Why I Will Let My Daughter Read TWILIGHT
Twilight was un-recommended to me in 2006 when a library user returned it to the circulation desk I worked at, saying, “This is the worst book I’ve ever read.” Of course, I needed to pick it up.
I read it quickly. The writing is easy to read, and the book is a very compulsive page-turner. It reads like a diary from inside the head of a 14-year-old girl. I don’t mean that in the dismissive way that many adults talk about the interests of 14-year-old girls. I was a 14-year-old girl once too. And that’s a fine thing to be. But, I’m also fine with never having to return my consciousness to that tiny, rigid, obsessive world again. I agreed with the library patron, it was not a great book. After I finished it I moved onto The Historian by Elizabeth Kostova. It was October 2006, alright? Vampires were everywhere.
I kind of forgot about Twilight until the furor built. The backlash against Twilight was huge and the series became the butt of many jokes, especially among readers who were not. As a voracious reader my whole life, I’ve read plenty of un-enthralling books and, to me, this one was pretty unremarkable for either love or hate. It has some really terrible ideas about what a heterosexual teenage relationship should look like, but well, there are lots of bad relationships in teenage books. And in adult books. I’m not trying to excuse any of the troubling parts of the Twilight series, but to say that it seems to get an unjustified amount of hate.
One of the things that Twilight did do was get a lot of kids to enjoy reading, just like Harry Potter. Yet, we laud Harry Potter, but deride Twilight?

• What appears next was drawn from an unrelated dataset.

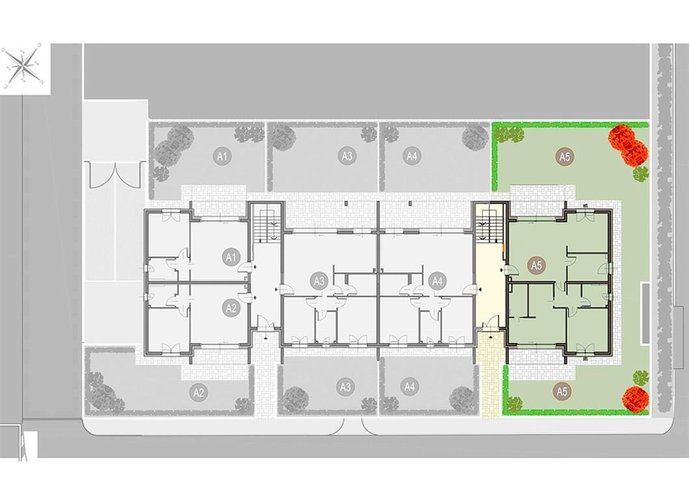 Ampio quadrilocale Guanzate Guanzate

Because it’s aimed at girls? Both books are full of problematic representation, but I can’t decide for everyone what kinds of books should move them. I wonder, would we hate on Harry Potter like Twilight, if Hermione were the hero?
We all have beloved media that we adore, even if we recognize that it’s also kind of just bad on some, or even multiple, levels. Give kids the respect enough to allow them to love their own bad media. Twilight isn’t going to become quality literature with time. But, it has connected with kids and encouraged them to pick up other books.
Maybe it won’t even be Twilight when my daughter is older. My plan is to talk with her, so that she knows exactly why a dude climbing in your window to watch you sleep is extremely fucking creepy, and how unhealthy it is to base your entire self-identity around your romantic partner. Or whatever it is that’s problematic in books the kids are reading these days. But preventing her from reading it will only mean that I’ve lost my chance to be involved in the conversation with my daughter about what makes a good relationship and why it’s good to read books that make you feel seen as a 14-year-old girl, even if you don’t like some parts of the story. Losing out on that conversation would be inexcusable.